Between Trains is a celebration of bluegrass music, a genre I very much like. I love the sound of banjos, mandolins and fiddles playing together, and I am partial to dobros as well.

The band played the whole CD today and it is certainly a charmer. I was delighted to hear Moana’s take on one of my favourite Richard Thompson songs, “Waltzing’s For Dreamers”.

I intend to go to the CD Launch next Wednesday. It’s at Manchester Lane, a new venue for me, but by all accounts a good one.

Wednesday, November 22, 2006

State Elections

The Victorian State Elections are being held this coming weekend, so this is a timely rave on the political situation in this state.

The two main contenders are the Liberal Party and the current incumbent Labour Party. The Labour leader is the bland Steve Bracks, a sort of non-threatening kind of guy. He’s quite popular with the electorate, though the rednecks in the regional areas think he is too Melbourne-centric and object to his policies regarding energy conservation and bans on logging and cattle grazing in various sensitive areas.

Being a State public servant, I’d prefer that Labour get re-elected. The last Liberal Government totally decimated the public service as well as selling off most of the State's assets, like the gas and electricity services. They also privatised public transport and closed schools and hospitals. So I will definitely not be voting Liberal, and wouldn’t in any case being a die-hard leftist.

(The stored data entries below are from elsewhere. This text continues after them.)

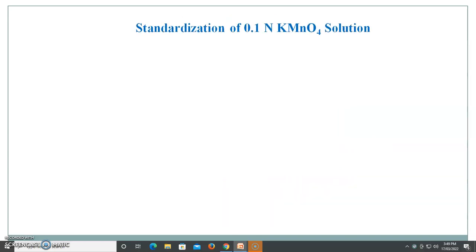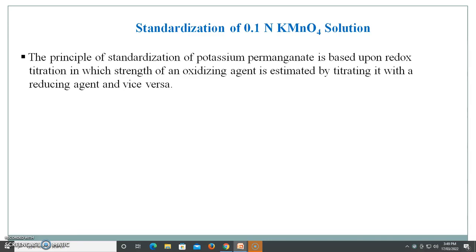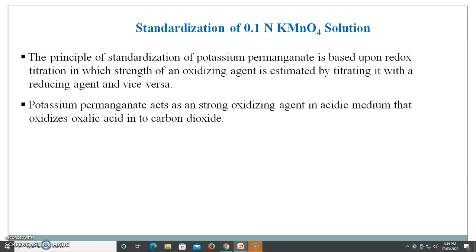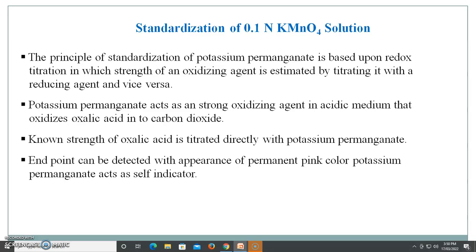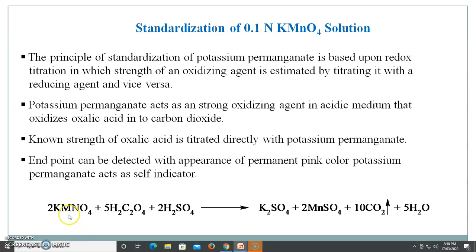Next, you have to standardize this prepared 0.1 normal potassium permanganate solution. The principle of standardization is based upon redox titration, in which the strength of an oxidizing agent is estimated by titrating it with a reducing agent and vice versa. Potassium permanganate acts as a strong oxidizing agent in acidic medium, oxidizing oxalic acid into carbon dioxide. The end point can be detected by the appearance of a permanent pink color. There is no need to add an indicator because potassium permanganate acts as a self-indicator. In the reaction, potassium permanganate reacts with oxalic acid in acidic medium, oxidizing it and liberating carbon dioxide.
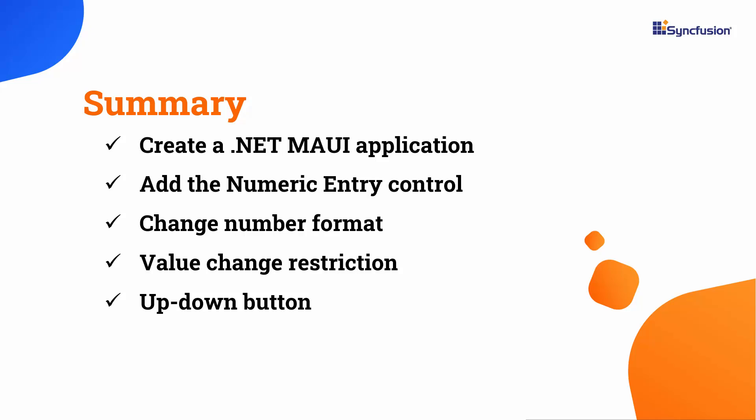To learn more about numeric entry features, you can check the documentation link provided in the description below. I have also included a link in the description where you can check if you qualify for our community license, which gives you a free license key for our entire .NET MAUI control suite. If you found this video useful, don't forget to click the like button and subscribe to our channel to watch more videos like this. Thanks for watching.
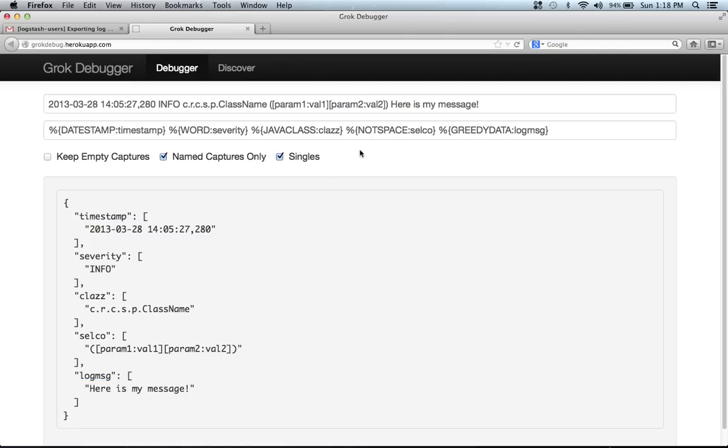So hopefully this gives you a quick understanding of what the Grok debugger is for, how it can help you do things much more quickly and interactively than trying to edit things in your Logstash config and do that run Logstash, test it cycle, where this one's a little bit faster feedback.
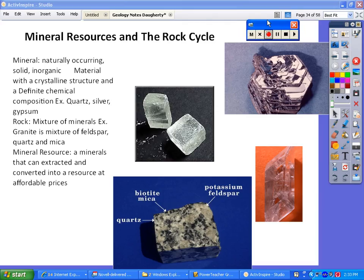These notes are going to be on rocks, minerals, and mining, mostly. We'll start with minerals. Minerals, as it says, are naturally occurring, solid, inorganic material with a crystalline structure and a definite chemical composition. Examples would be quartz, silver, and gypsum.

The Liberal leader Ted Baillieu comes from a wealthy background. He’s quite a toff, though bland at the same time. He’s been going around demonstrating what an all-round regular guy he is, plunging into the surf for a swim, rocking it up in a band, while Bracksy is filmed reading stories to children in kindergartens.

It’s all been a bit of laugh, this election campaign, the lavish promises of both parties failing to impress me. Who cares, is the general consensus.

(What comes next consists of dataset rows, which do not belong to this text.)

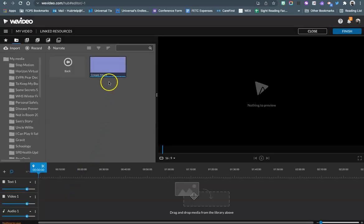It will import. The blue line represents the processing of the video as it's being imported into WeVideo. When it is done it will be ready for you to use with your project.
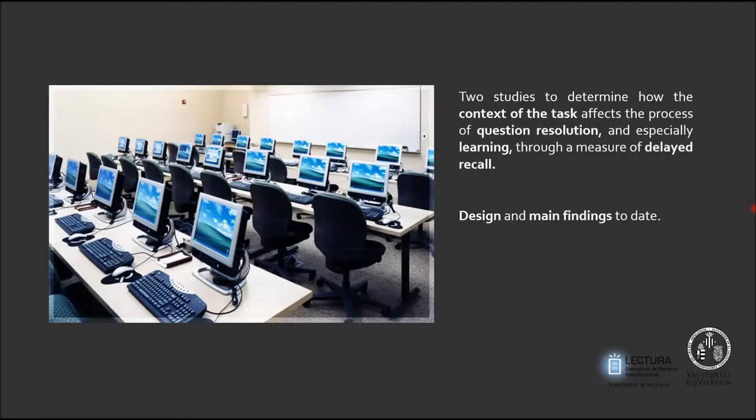We have done two studies to determine how the context of the task affects the process of question resolution, and especially the learning, through a measure of delayed recall. We will briefly explain the design of one of these experiments and its main findings to date in our talk. Thank you for your attention.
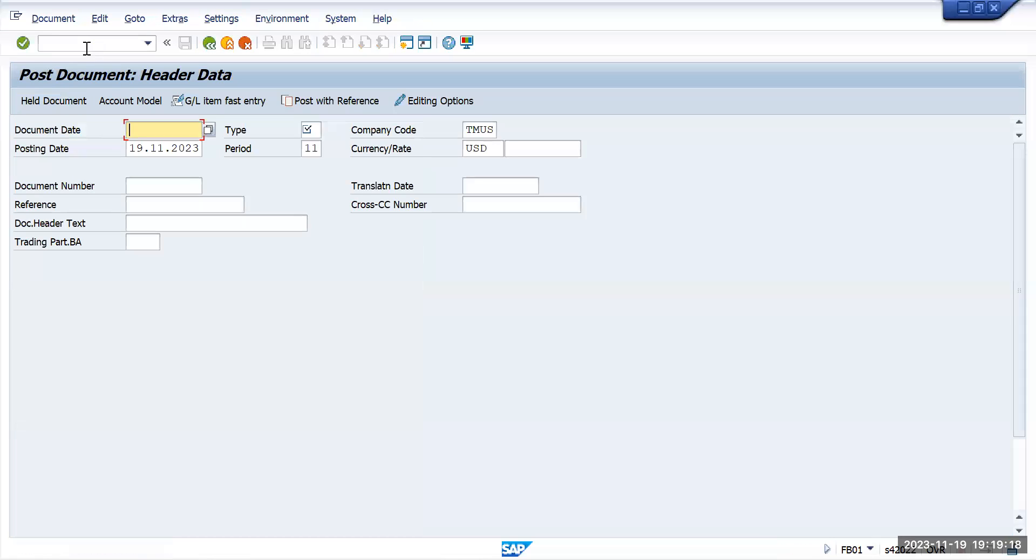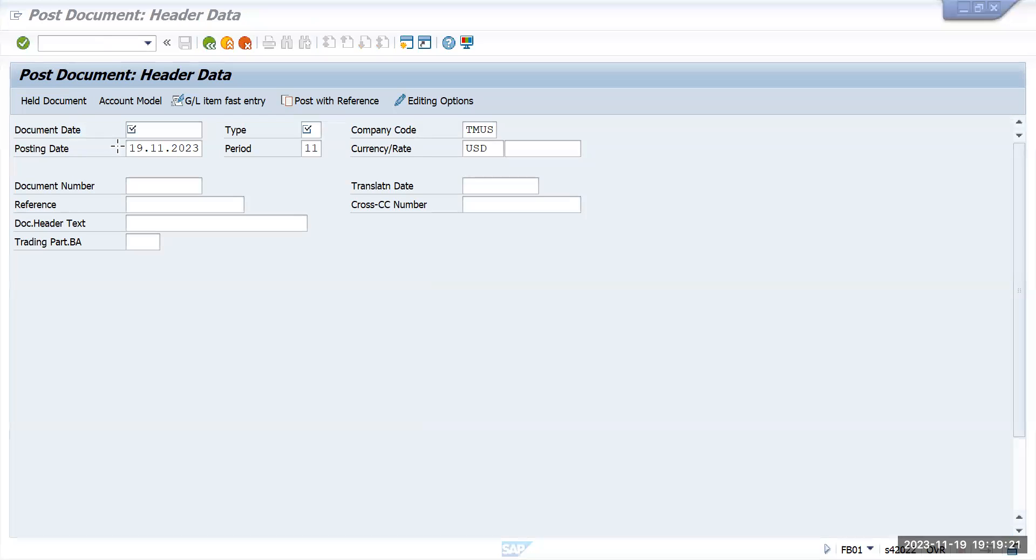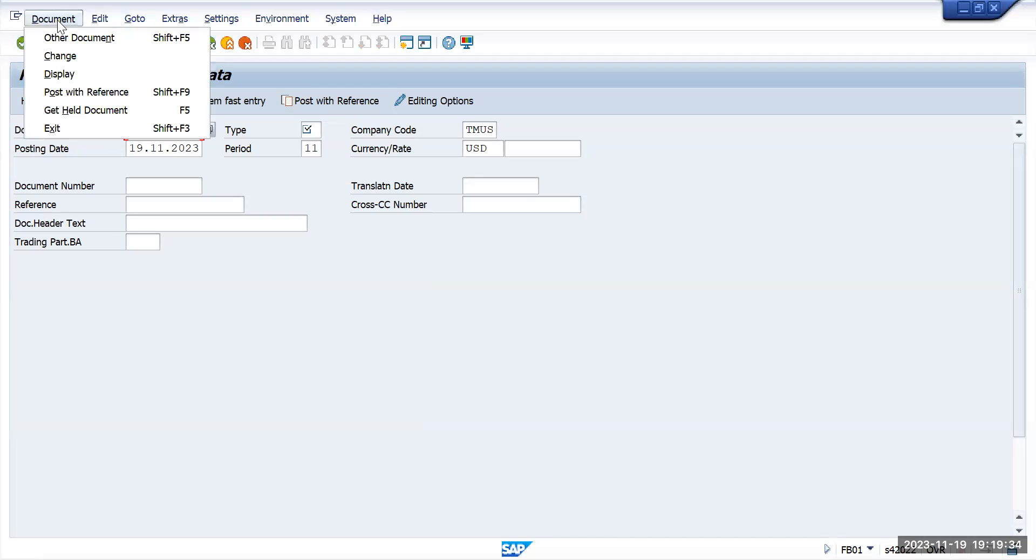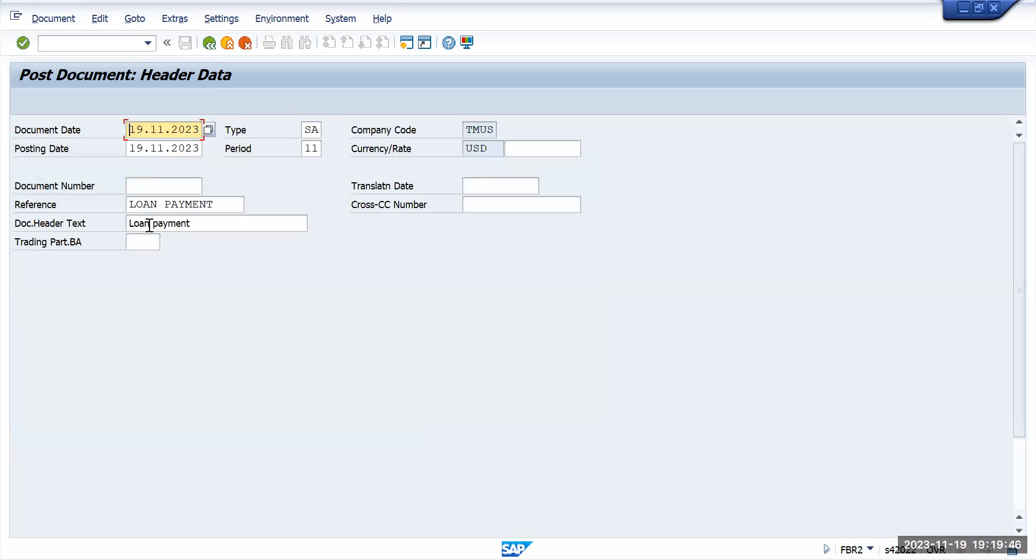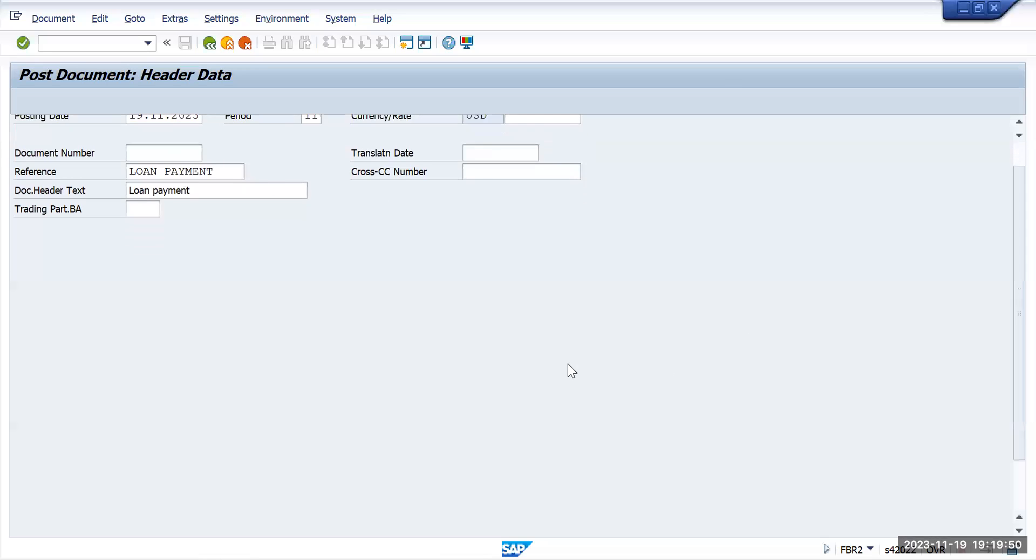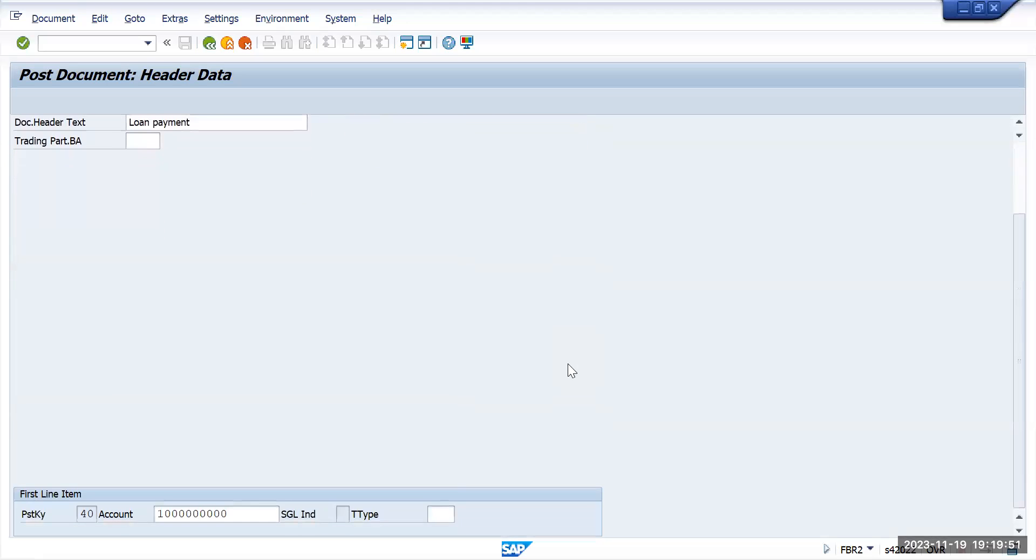When you go to FB01, you have to give the document number. From the menu bar, go to Document and then Post with Reference. Click on this one, post with reference, and give the document number here and fiscal year 2023. Press enter. You will see that it's showing all the details what we have entered earlier.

As I live in a solid Labour electorate, I can be fanciful in my choice of candidate. The current representative for my electorate has hardly set foot in the place since being placed in office. She’s retiring (ho hum) and another female candidate will be contesting in her place. Fiona someone or other...

As you no doubt gather, I’m disenchanted with Australian politics at the moment. There appears to be hardly any difference between the major parties. Federally, I don’t think Labour has a hope of winning unless they ditch the current leader Kim Beasley, who has been around so long – and has lost every election where he has been leader of the opposition – that the populace fail to hear or indeed comprehend any of his policies, which, in any case, are only slight variations on the Liberal policy. A new face to the fore would do wonders for the party’s chances, as long as they aren’t loopy like the last new face - Mark Latham - who went to pieces when he lost the last election.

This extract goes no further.